2021年8月20日、『災厄令嬢の不条理な事情 婚約者に私以外のお相手がいると聞いてしまったのですが!』が発売されました!
新作文庫です。
同年8月27日には電子書籍版も配信開始となります。

【あらすじ】

――王太子殿下は、とある男爵令嬢にご執心。
自身との婚約を公表するという王太子からの手紙が届いた聖爵家令嬢マリオンは、同時にそんな不穏な噂を耳に!
そこで彼女は、真相を究明すべく、王太子に不満たらたらな美貌の従者リヒトと共に旅立った。遥かな王都へ二人だけで……。
仕方ないじゃない、我が家はド貧乏なのよ!
しかも、馬の暴走で徒歩になるし、道中では賊に襲われ、災難続き……。
でも、襲い来る不運を撃退して目的を達成してみせるんだから!
災難に愛されすぎている令嬢の前途多難なラブファンタジー。
(一迅社文庫アイリス様公式HPより抜粋)


【発売記念SSその2:アンラッキーバースディ?】

発売を記念して、先日に引き続き本編前日譚にあたるSSその2を公開させていただきます。
ちなみに、前回のSS【赤い果実の名前】はこちらです。

こちらは本作ヒーローたる美貌の使用人リヒト視点の物語でしたが、今回は主人公にしてヒロインたるマリオン視点、彼女の18歳の誕生日の物語です。
前回以上に本編にそのまま繋がる前日譚となっております。
楽しんでいただけますように。

***

「突然の通り雨に、バルコニー倒壊、極めつけは腐った果実……我ながら素晴らしいフルコースだわ」

 ちゃぷん、とたっぷりと石鹸を溶かして泡立てた湯をつま先ではじきながら、マリオンは溜息とともに小さく呟いた。
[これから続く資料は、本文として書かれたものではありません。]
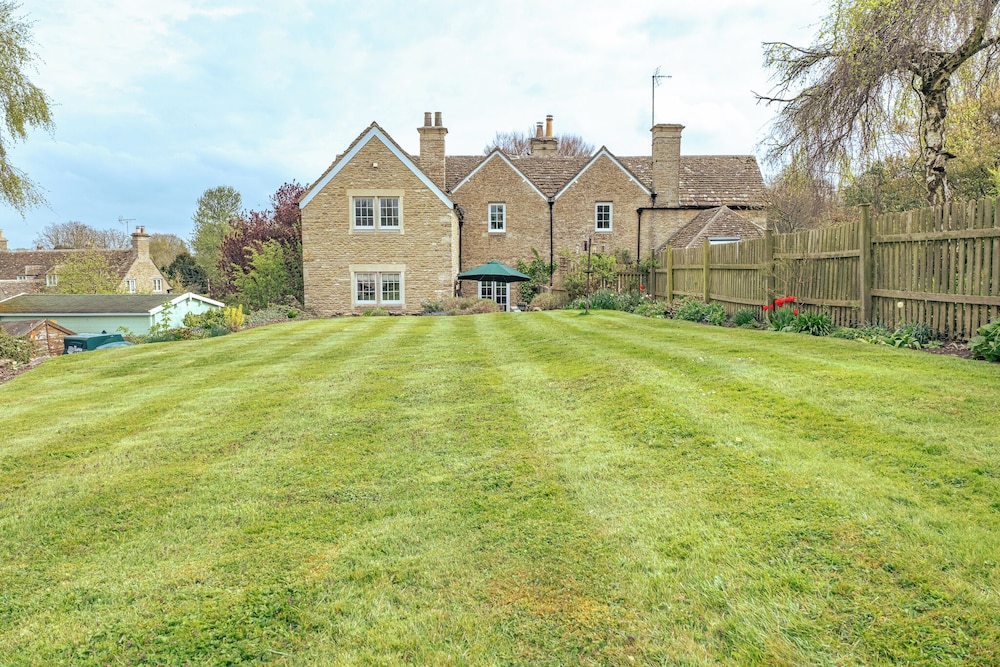 Herdsman's Cottage - 3BD in Wiltshire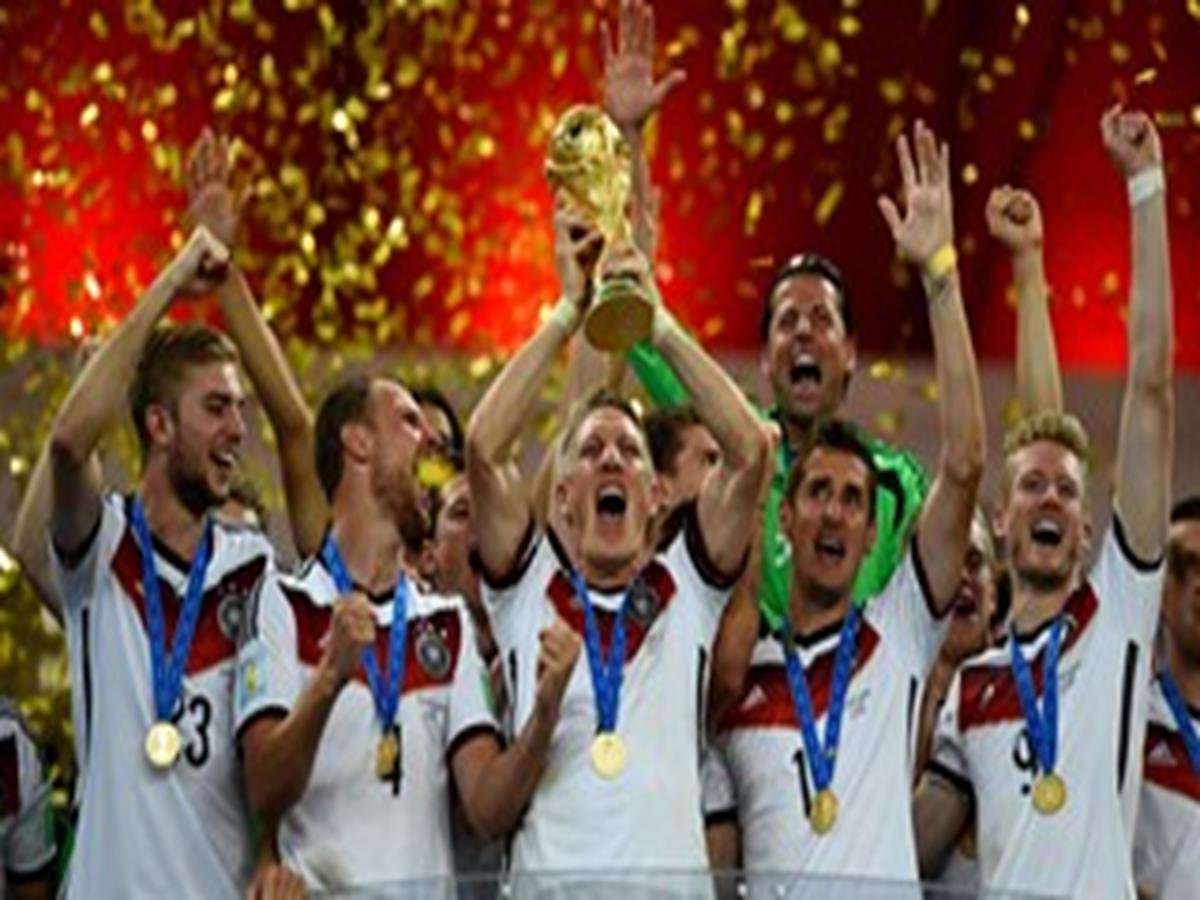 56 - 8 x 6 Photo - Football - FIFA World Cup 2014 WINNERS - GERMANY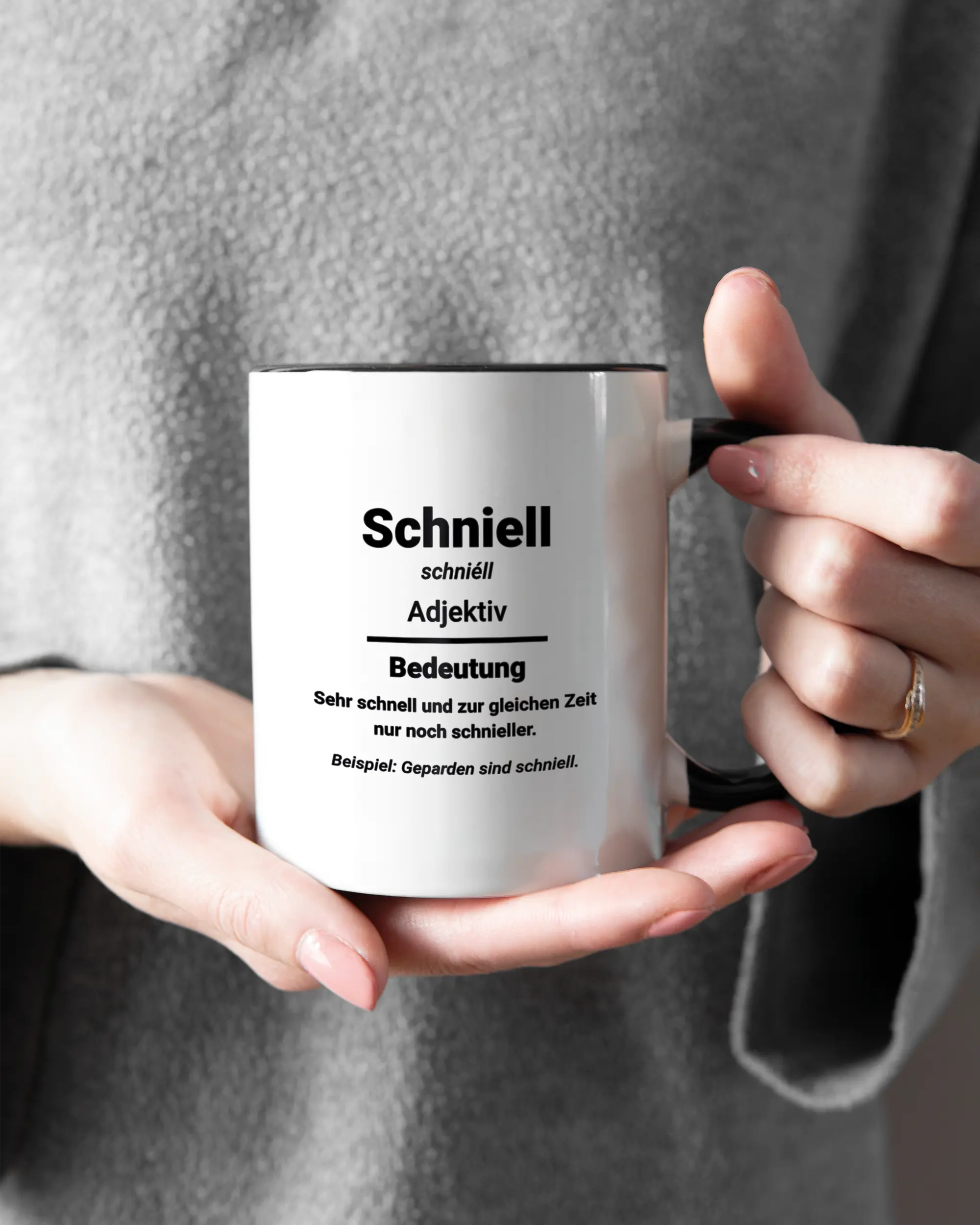 Rechte Seite der beidseitig bedruckten Keramiktasse von Maondo mit dem Design Schniell in der Farbe Duotone gehalten von Frauenhänden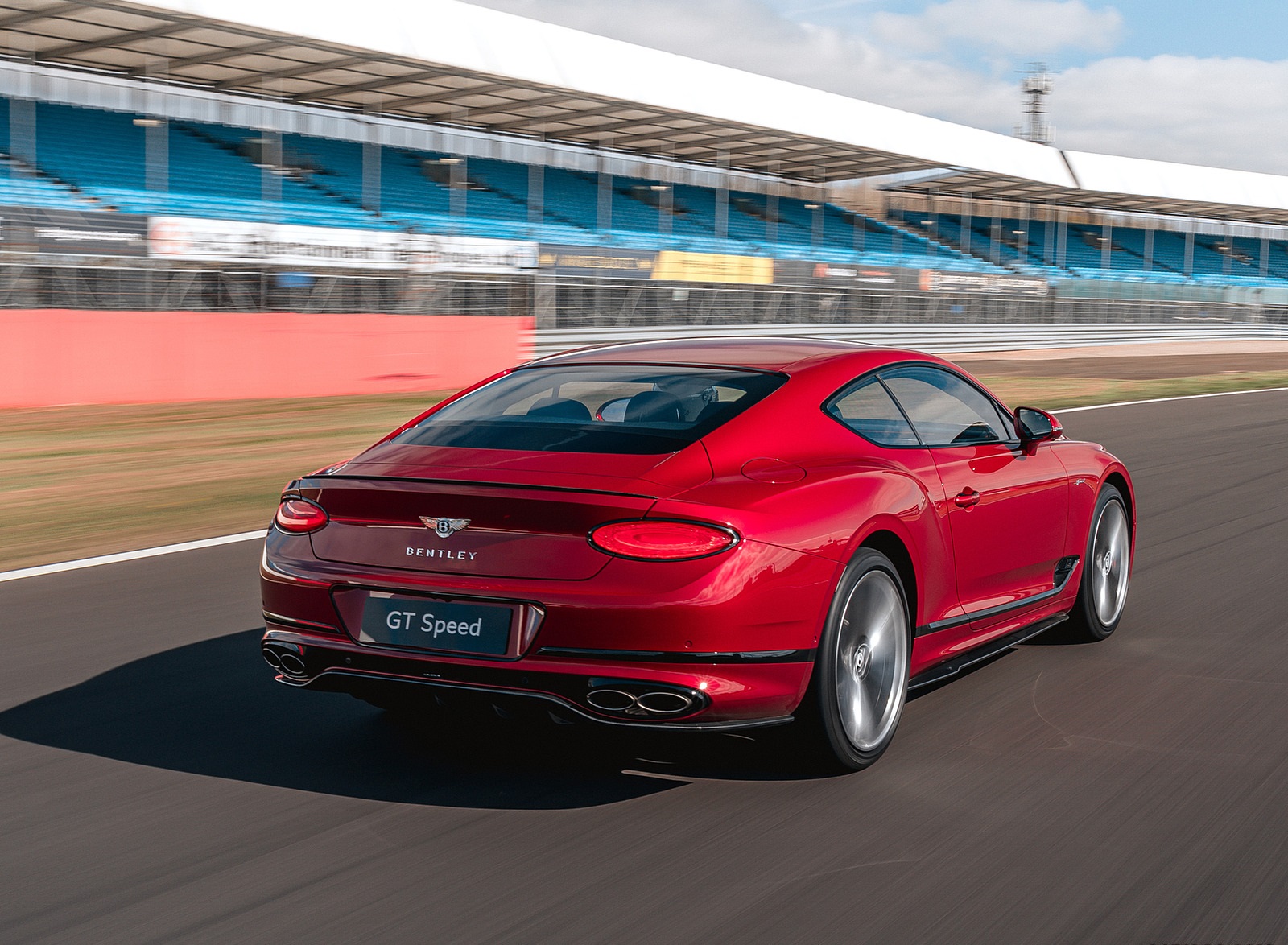 2022 Bentley Continental GT Speed (Color: Candy Red) Rear Three-Quarter Wallpapers #5 of 173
誰に向けたものでもない呟きは、高いドーム型の天井の下で、驚くほど大きく響く。なんともむなしい呟きをかき消すために、ぶくぶくぶく、と泡立つ湯の中に息を吹き込んだ。より細かくなった泡を頭に乗せて、念入りに汚れた頭頂部を洗う。母譲りの柔らかい髪質の、珍しい鈍色の髪は、濡れるとよりくせが強くなる。だからこそ余計に、いつもよりも丁寧に、丹念に。だって今日は特別な日。ぱちりと大きく灰銀色の瞳を瞬かせ、マリオンはよし、と一つ頷く。
 本日、春の訪れを感じるようになったとある日。マリオン・ストレリチアスは、十八歳になった。
 素晴らしき日となるべき本日、まずはこの春になったばかりの真新しい日差しを浴びるために、朝一番にマリオンはバルコニーへと足を踏み出した。それがはじまりだ。突如としてどしゃぶりの雨に降られてしまったのである。それはほんの数秒にすぎない通り雨だったけれど、マリオンをびしょびしょの濡れネズミにするには十分すぎるほどの雨量だった。
 そこまでは予想の範疇内だったのだが、その通り雨がトドメとなったのか、老朽化が進んでいたバルコニーが倒壊したことには流石に驚かされた。バルコニーごと中庭に向かって投げ出されて、まさか十八歳の誕生日が命日になるかと一瞬思ったものだ。だがしかし、持ち前の運動神経でもって宙返りをばっちり決め、華麗に着地した自分を心から褒めてやりたい。
 とはいえ話はそれでは終わらなかった。季節を間違えて実っていた中庭の樹木の果実が、熟すを通り越して腐り切り、着地を決めたばかりのマリオンの頭にぼちゃりと落ちてきたのである。特別な誕生日であるマリオンに対し、あんまりな仕打ちである。だがそれもやはりいつものことと言ってしまえばそれまでだったので、マリオンはバルコニー倒壊の騒ぎを聞きつけてやってきた、ストレリチアス家現当主である叔父シラノと、ストレリチアス家唯一の使用人のすすめに従って、贅沢にも朝風呂を浴びることになったのである。
 古くから付き合いのあるドワーフの秘術により、ストレリチアス家の屋敷では、水が使いたい放題だ。わざわざ井戸水を汲みにいかなくても、ドワーフが“蛇口”と名付けた取っ手を捻れば、天井からあたたかな湯が降り注ぐ仕様となっている。
 頭からその湯を浴びて、べたべたと気持ちの悪い感触がする潰れた果実を洗い流し、湯船にしっかり身を沈めて、マリオンはほうと溜息を吐く。
 曲がりなりにも貴族のはしくれとして、シラノが、今日はお祝いをしようと約束してくれている。大好きな叔父がお祝いしてくれるのはとても嬉しいけれど、何せ相手はあの叔父だ。何をやらかしてくれるのか若干どころではなく不安はある。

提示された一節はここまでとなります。